Pork Commentary

Jim Long President – CEO Genesus Inc.

info@genesus.com

May 20, 2014


Calm Before the Storm

U.S. cash hog prices have been tracking lower over the last few weeks. Off the highs of March but still at over $1.10 lean a pound excellent prices by any measurement. Why we say “Calm before the storm!” is that over the next few weeks we see a strong move to higher prices coming that is a reflected in the hog futures. Compounding these expectations from the lean hog futures we believe we will be the reality of weekly hog marketings that will be well below 1.9 million. Week upon week of lower marketings compiled with strong domestic and export demand, with less beef and no more chicken. The storm is coming. Currently the USDA is projecting US Meat and Poultry supply to be 1.1 billion pounds less than last year. That’s a lot less protein. With hogs bringing $700 per head in Japan, $600 in South Korea, $260 in Mexico, it doesn’t take a rocket scientist or ag-economist to figure out pork buyers in each of these countries will buy in the U.S. and sell in their country working extra-large wholesale spread.

PED

Our sense is PED is slowing down. PED breaks are less frequent. Producers upping their bio–security and many have stopped using blood plasma in their feeds.

Observation

A couple of years ago we were at a North American packing plant. The plant was shipping intestine to China to be cleaned and then returned to North America to be used in sausage casings. We don’t know if it’s still happening, but wonder how bio-secure and disease preventive such an activity would be.
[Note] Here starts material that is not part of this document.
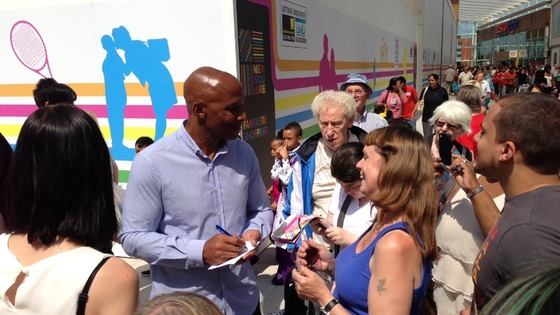 Cyrille Regis meeting fans at the opening of the New Square shopping centre.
It’s alleged the PED we have in North America came from China. How the heck can you really know if the intestines shipped to China are the ones returned? We hope that we are not being alarmist but we have observed in our life there are implications from particular actions.

Corn Crop

We travelled to Illinois, Indiana, Michigan, and Wisconsin this past week. In the area we travelled there was rain but it appeared that most of the corn crop was in. When the crops are in we become weathermen. That’s what drives the yields and the prices. So far where the corn is there is plenty of moisture. No drought so far.

Vaccines

At Genesus we just did a circo-virus vaccine trial. Our results showed widespread differences in protection afforded. You should do the same, our results showed some vaccines weren’t doing much of anything. The higher priced ones weren’t necessarily the answer. As an industry we spend enough money on health related products. We all need to insure we use products that work. Test, draw the blood, and then compare the results. This is tough business we need to get value for what we buy.

Smithfield Foods

You don’t have to look any further then Smithfield Foods to see the effect of real good hog prices. The world’s largest hog producer and packer generated a record first quarter profit of $196.4 million. WH Group of China looks real smart in their purchase of Smithfield. Smithfield operating as an integrated enterprise captured the whole value of the hogs, packer and processing margins to set those record profits. Let’s hope Smithfield ships lots of pork to China cutting domestic pork supply and driving our hog prices higher. A high tide raises all boats.